Carcassman,
A lot of those old in-season run size updates turned out being not so accurate after all. That explains dropping some of them. I think others have been dropped because real-time soft data collection was sacrificed in budget cuts quite a long time ago now. WDFW depends on tribal catch data, and it isn't timely or complete enough to use that way any longer. At least that's what I was told.

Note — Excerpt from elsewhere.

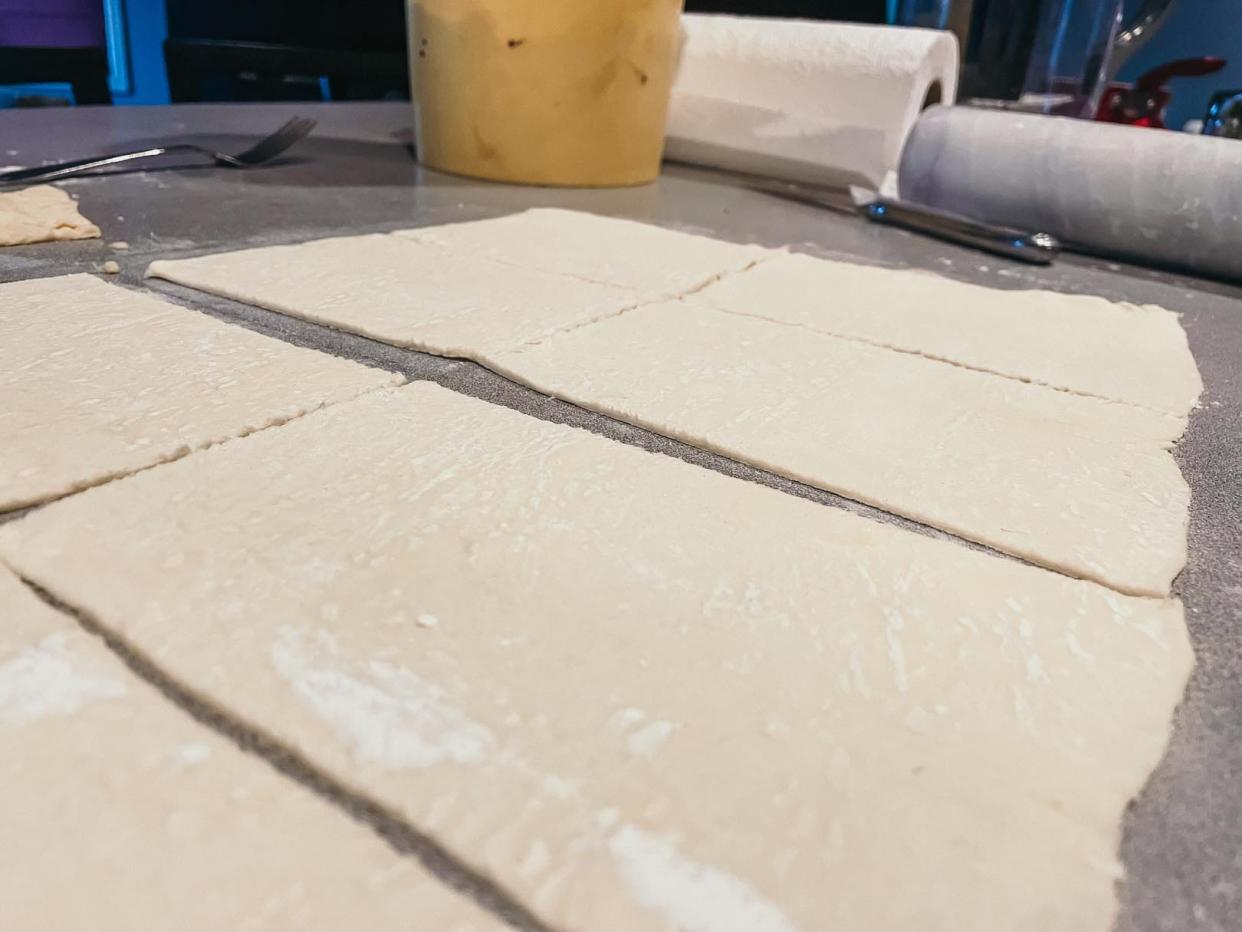 small squares of puff pastry on a counter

More to the point regarding Baker sockeye in-season updating, you can almost take to the bank that 50% of the run (minus pre-trap catch) enters the Baker trap between July 12 and 15. If reliable river harvest data were available on July 15, the total run size can be very accurately updated.
Camo,
The 1500 sockeye for natural production could all fit in Channel Creek, which was restored for the Forest Service under the Baker license over the last two years. Channel Creek fed the old artificial spawning beaches that were used since 1962 to maintain the Baker sockeye run. PSE built new spawning beaches in the 1990s that were upgraded recently, also as part of project re-licensing. Other natural spawners do tend to spawn along the upper river delta where it enters Baker Lake, and that area is dewatered as the reservoir is drawn down over the winter. The artificial spawning beaches are mitigation for natural spawning that is lost to drawdown, so it's hard to complain about that impact. The issue, if any, is that those spawners are fish that might just as well have been harvested from the fishery harvest managers perspective. They have no love for ecosystem function and marine derived nutrients when it means fewer salmon harvested.